For a bank setting an SBTi, if their balance sheet includes investments into bonds issued by other banks are these a) in scope, and b) if yes, and they look to set at target for these using a portfolio coverage or temperature rating approach, which emissions should be considered? Is it the scope 1 and 2 of the bank, and the financed emissions (scope 3 category 15 of the bank)?
Thanks Donald, and how does this work for the temperature rating approach, as a bank would have multiple scope 3 targets to cover their financed emissions? Is the SBTi finance tool able to accept multiple scope 3 targets?
Hi @VickyH,
Currently there are a few FIs with SBTi-approved SBTs and we are working on a solution to combine their multiple S3 targets into one, so that the tool can accept the data. We don’t have an ETA for this right now, but hope to be able to present a solution soon.

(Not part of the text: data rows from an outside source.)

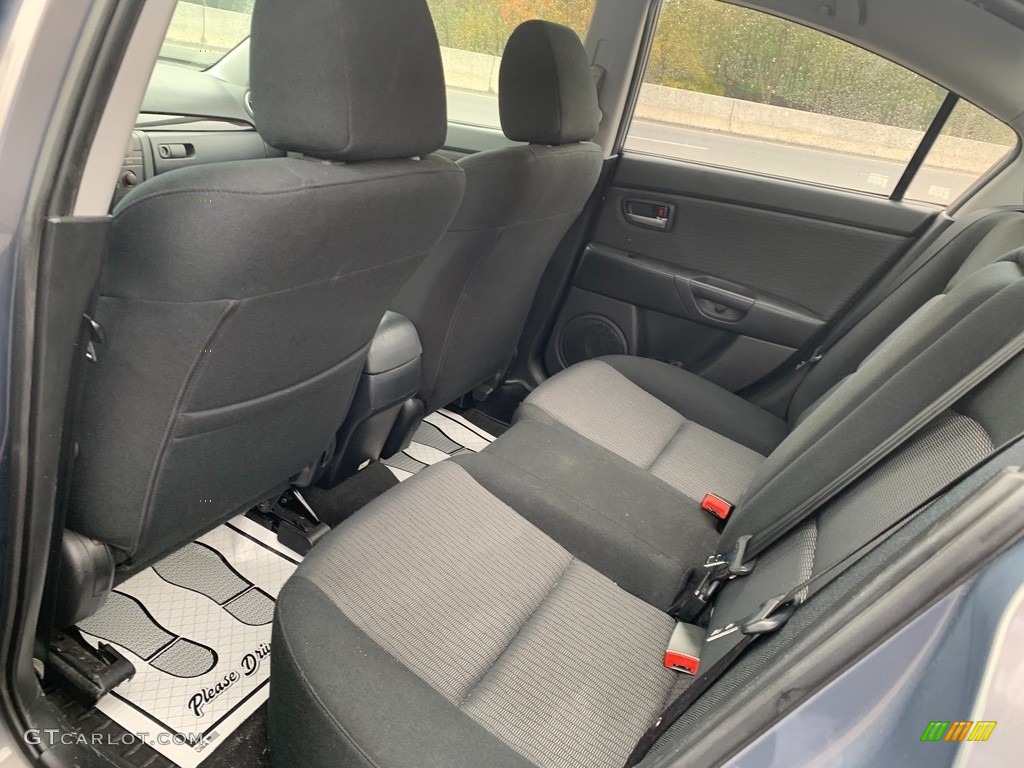 2008 MAZDA3 i Sport Sedan - Metropolitan Gray Mica / Black photo #11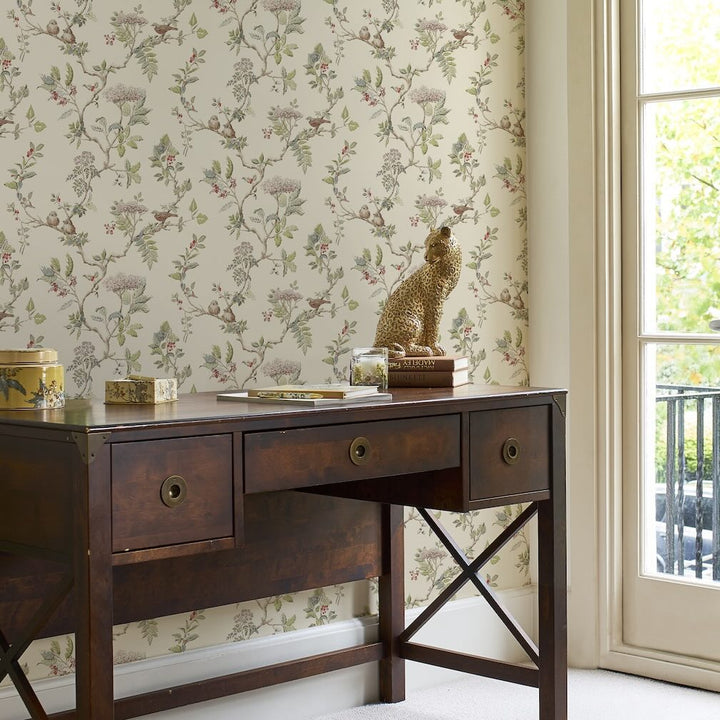 Laura Ashley Elderwood Natural Wallpaper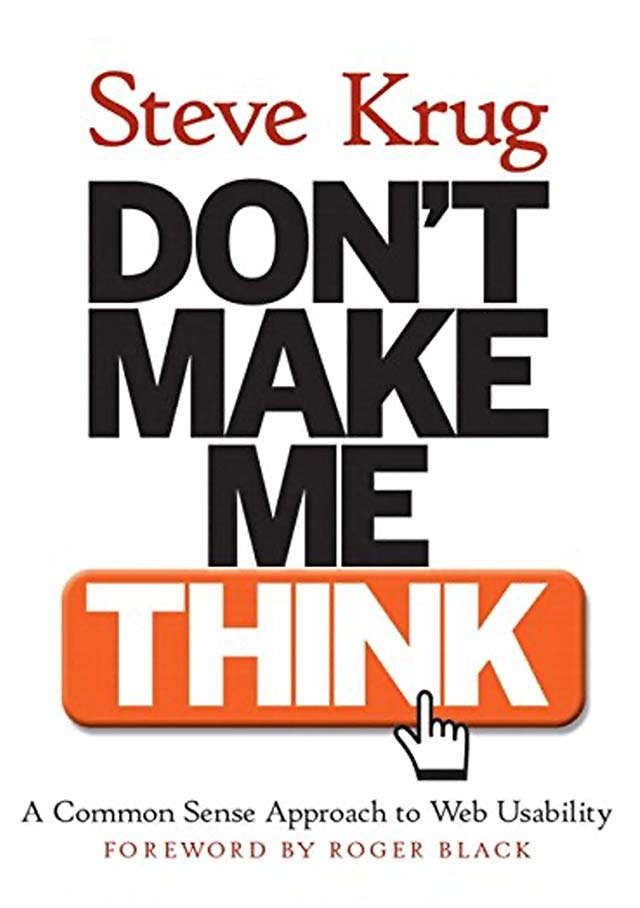Buch 'Don't make me think' bei Amazon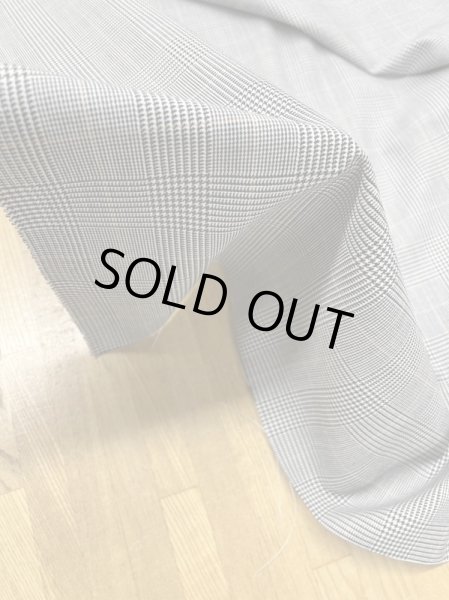 画像7: 生地:グレンチェック柄ポリエステル(グレー/黒)黄ライン (7)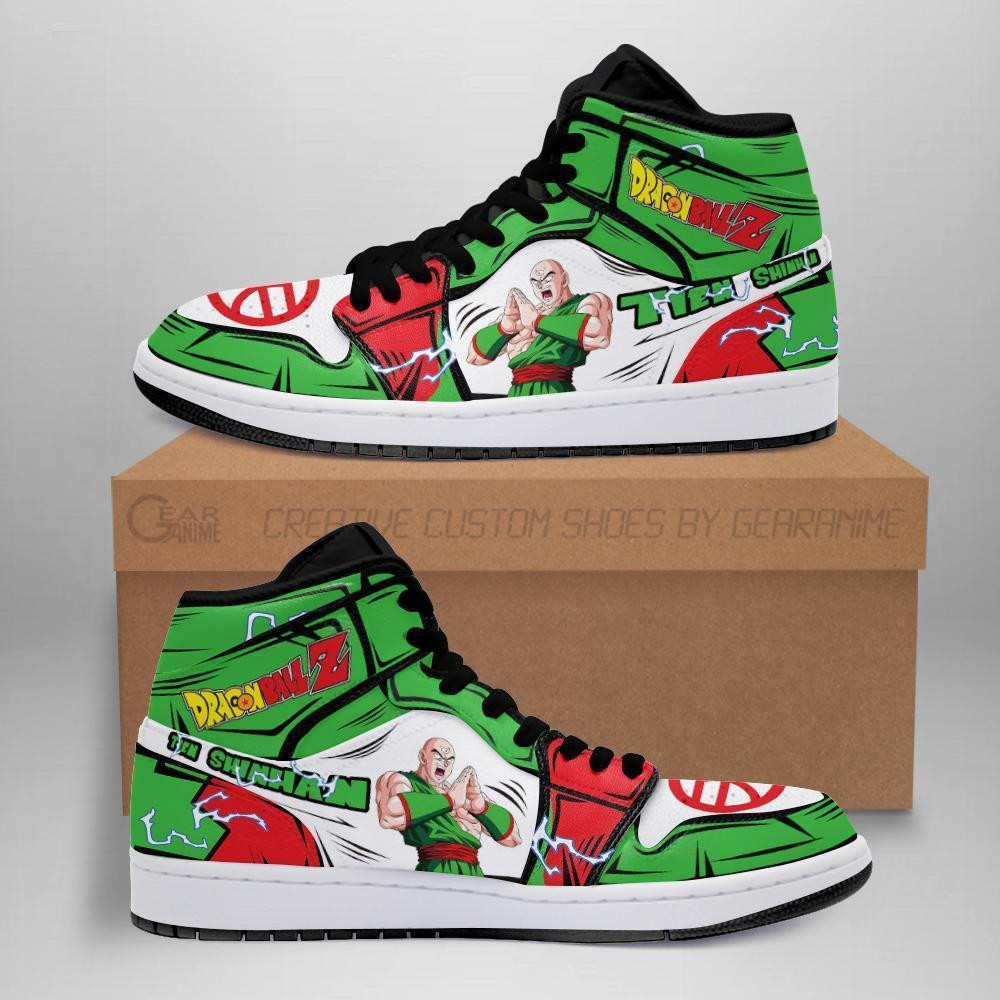 Tien Shinhan Custom Anime High-Top Leather Sneakers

Continuing this conversation and confirming one assumption: would it be possible to develop 1 single target for private equity and bonds under the SBT Portfolio Coverage?
thank you for your response. Sossy, I actually meant a listed equity and bonds (mandatory items), can we merge and create one target covering: (i) common stock, (ii) preferred stock, (iii) corporate bonds, (iv) exchange traded funds, (v) investments in real estate investiment (REITs, listed real estate companies, and real estate mutual funds)?
The Portfolio Coverage (PC) and Temperature Rating (TR) methods can only be used at an entity level (i.e., not at an asset level). As long as the common stock, preferred stock, corporate bonds, ETFs, and real estate investments are related to entities (e.g., real estate companies and not real estate assets), then one PC or TR target can indeed be set.